My implementation uses PlotMetadataHeader to decode the metadata header, but this structure is private. Identical for the RESERVED_PLOT_METADATA constant. Can I make the structure public for crate?

Links to GitHub are preferred, you can select specific lines in sidebar and copy permalink:

Screenshot

Знімок екрана з 2023-09-04 14-25-03

Hm… I think that would be undesirable, I’d rather see some nicer API for this, but I’ll have to spend some time thinking about it.
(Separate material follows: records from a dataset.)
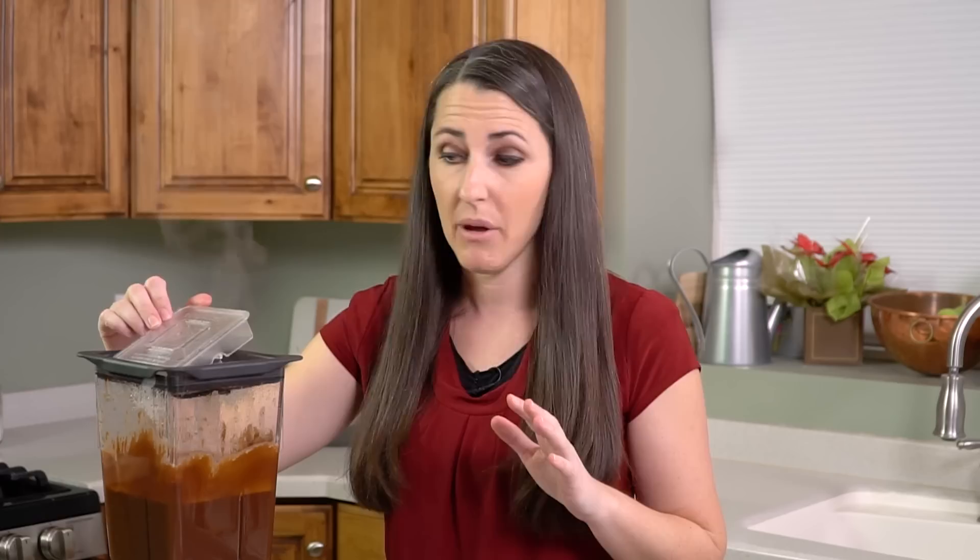When blending hot liquids it's important that you have a way for the steam to escape. Otherwise pressure will build up and you'll have an explosive hot mess on your hands.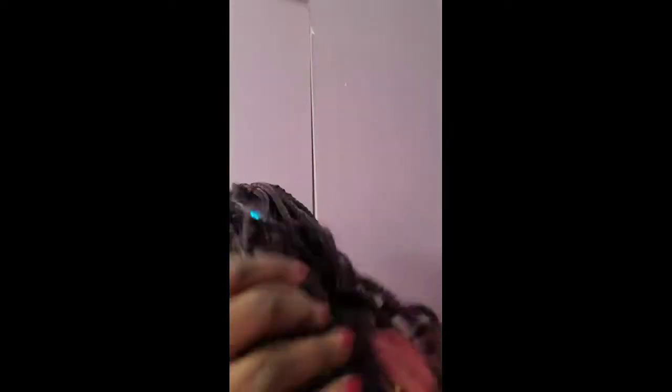My hair has a rubber band in it right now because I was at work. I work at Amazon, so you're supposed to tie your hair up — for some strange reason they feel we're going to get our hair stuck in a conveyor belt. So it had to be tied up, but this is what my hair is looking like right now.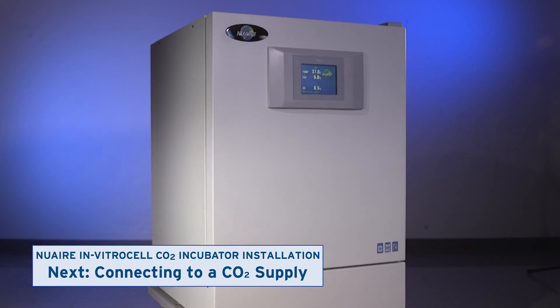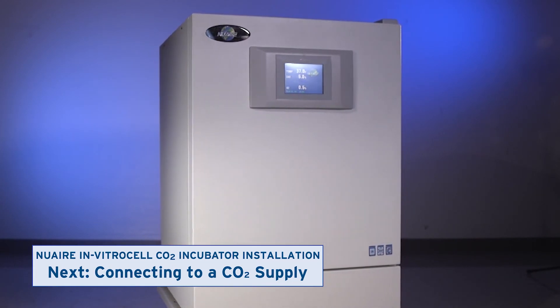Watch the next videos to learn how to connect your incubator to gas and power. Subscribe and check out more at the link below.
Not trivial to design a good API and we already need some refactoring there.

From benchmarks is it enough to support one plot, or does it make sense to implement benchmarks for multiple plots in parallel? For now, I’m using internal duplicates of PlotMetadataHeader and RESERVED_PLOT_METADATA as a not-so-good solution.
Here’s a link to the commit on GitHub.

1 Like

I think one is fine unless requested by community. Different farms operate independently, so assuming there is enough CPU/RAM on the machine in general it’ll work about the same with multiple farms as with one.

I think it might be acceptable to make data structures public, but mark them with #[doc(hidden)] indicating they are not supposed to be used in general and leave TODO to create a better abstraction for them. Duplicating data structures will likely break at some point, which is not good.

Left some superficial comments there.

Fixed the code taking into account the comments.

What am I supposed to do about it now? Should I submit a pull request?

That’s what I would do! I will take the blame if it’s wrong :slight_smile:

1 Like

@nazar-pc Is that how it’s supposed to be? The original proving benchmarks use sector_index=0 for all sectors, is this how it should be? Also, the first sector metadata is used for them.

That benchmark is trivialized. In order to avoid plotting multiple sectors individually, which would make benchmark very painful to run each time, it plots one sector and writes it many times, meaning the sector index for which sectors are created is the same even though sectors are written at different offsets physically.

Here is a PR with audit benchmark implemented: Farmer audit benchmark by nazar-pc · Pull Request #2124 · subspace/subspace · GitHub
Even though main is not compatible with Gemini 3f, benchmark can still be used against Gemini 3f farms (at least for now).